[YOUR ASSIGNMENT]
Below are the entries. Transcribe exactly the lines from the one with "Bad Dogs, Running" through the one with "Item preview, Art", ends included, and leave out all others.
▶
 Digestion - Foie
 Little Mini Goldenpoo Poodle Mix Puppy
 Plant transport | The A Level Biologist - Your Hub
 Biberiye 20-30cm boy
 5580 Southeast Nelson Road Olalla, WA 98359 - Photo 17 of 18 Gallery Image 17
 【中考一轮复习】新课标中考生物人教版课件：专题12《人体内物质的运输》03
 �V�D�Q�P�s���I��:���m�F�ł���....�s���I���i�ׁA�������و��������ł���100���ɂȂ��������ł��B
◀
▶
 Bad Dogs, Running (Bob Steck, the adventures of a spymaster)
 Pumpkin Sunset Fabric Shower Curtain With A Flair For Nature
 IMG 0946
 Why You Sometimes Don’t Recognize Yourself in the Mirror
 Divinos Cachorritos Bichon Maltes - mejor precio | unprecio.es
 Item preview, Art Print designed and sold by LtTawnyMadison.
◀
[RESPONSE BOX]
 Bad Dogs, Running (Bob Steck, the adventures of a spymaster)
 Pumpkin Sunset Fabric Shower Curtain With A Flair For Nature
 IMG 0946
 Why You Sometimes Don’t Recognize Yourself in the Mirror
 Divinos Cachorritos Bichon Maltes - mejor precio | unprecio.es
 Item preview, Art Print designed and sold by LtTawnyMadison.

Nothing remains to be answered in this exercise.